**** INFORMATION GIVEN ****

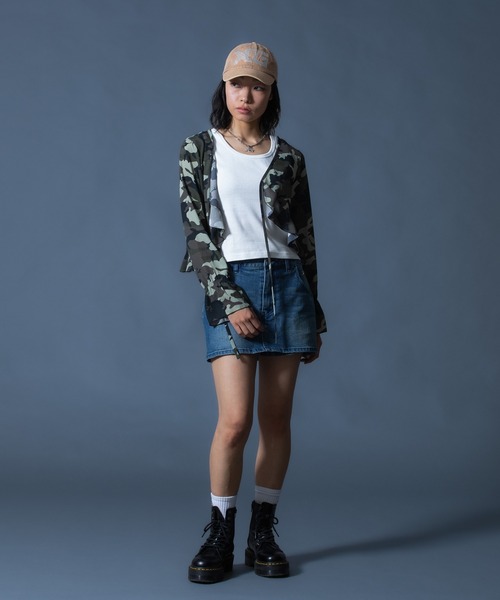 X-girl(エックスガール)の「HIBISCUS CAMOUFLAGE BLOUSE(シャツ/ブラウス・レディース・グレー/カモフラージュ・ONE SIZE)」の3枚目の写真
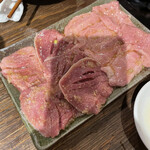 焼肉ジャッカル - 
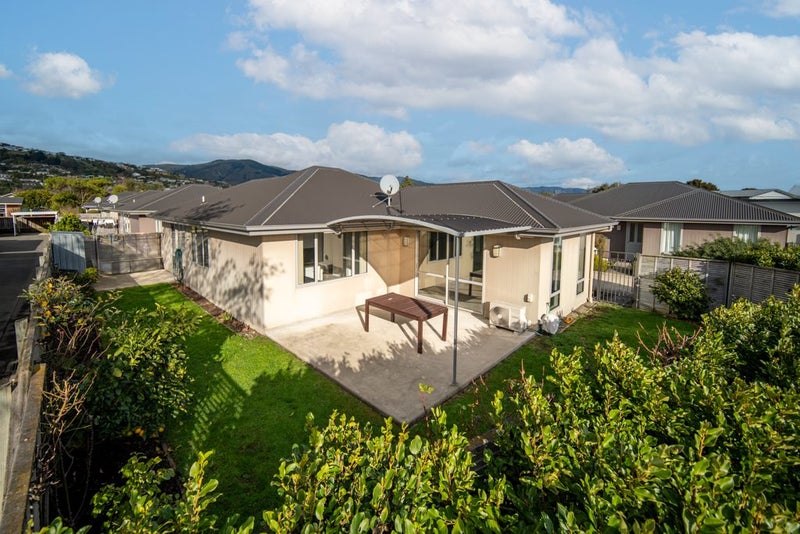 1 Holly Way, Tahunanui, Nelson - Carousel 1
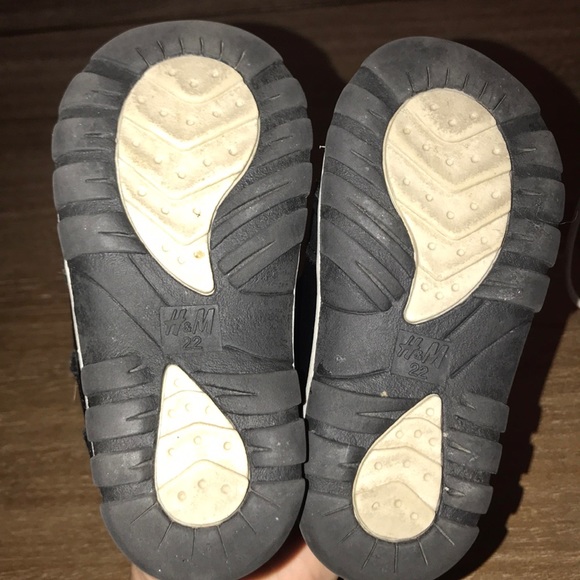 H&M Toddler black faux-leather boots. - Picture 5 of 6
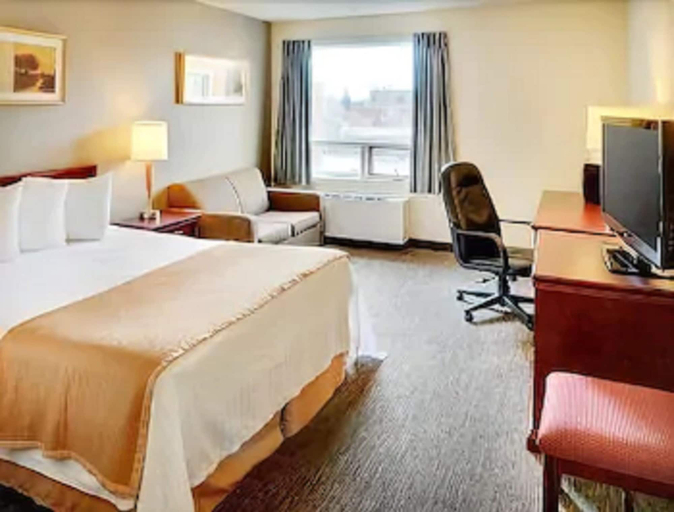 Bedroom 3, Travelodge by Wyndham Sudbury, Greater Sudbury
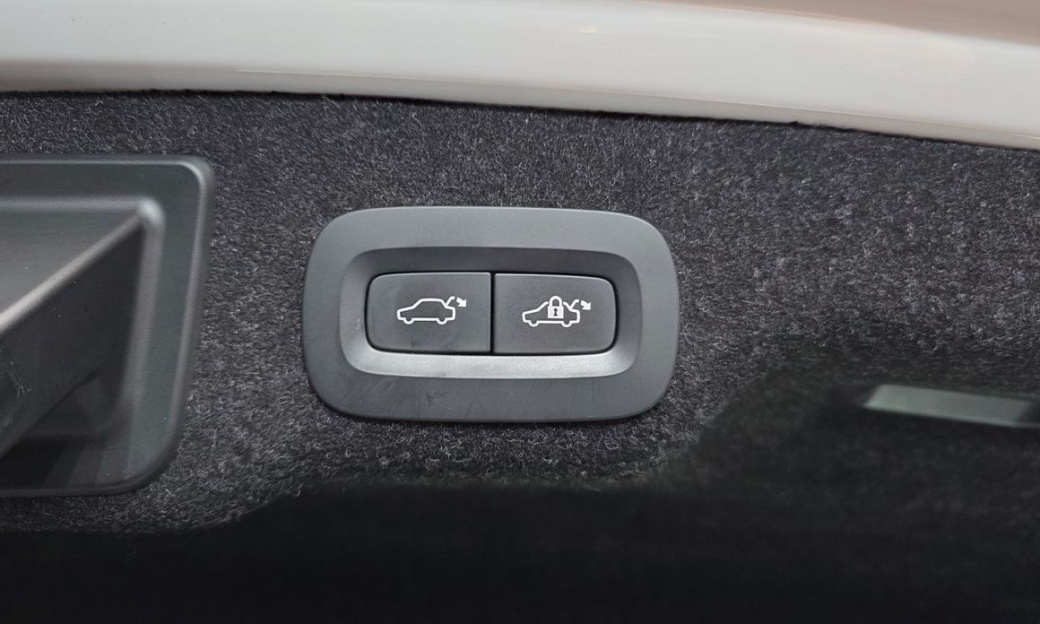 Volvo S90 B6 AWD Inscription, 2021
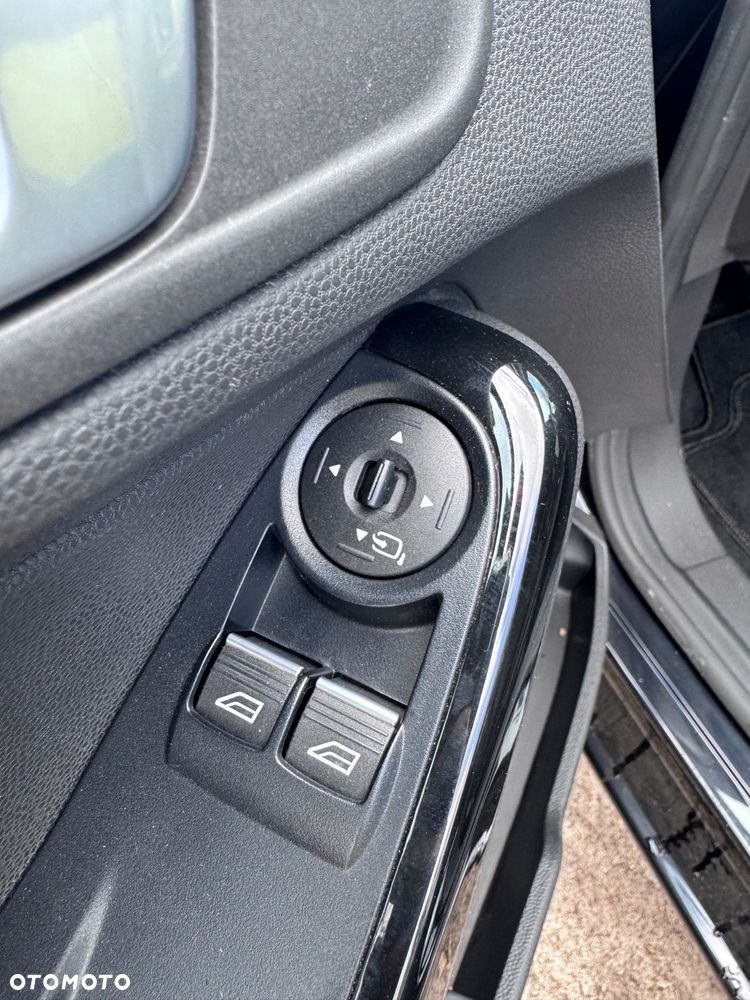 Ford Fiesta 1.0 EcoBoost Start-Stop Celebration - 20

****

▶ ASSIGNED TASK: Pictures aside, restate the entries word for word.

▶ RESPONSE AREA:
 X-girl(エックスガール)の「HIBISCUS CAMOUFLAGE BLOUSE(シャツ/ブラウス・レディース・グレー/カモフラージュ・ONE SIZE)」の3枚目の写真
 焼肉ジャッカル - 
 1 Holly Way, Tahunanui, Nelson - Carousel 1
 H&M Toddler black faux-leather boots. - Picture 5 of 6
 Bedroom 3, Travelodge by Wyndham Sudbury, Greater Sudbury
 Volvo S90 B6 AWD Inscription, 2021
 Ford Fiesta 1.0 EcoBoost Start-Stop Celebration - 20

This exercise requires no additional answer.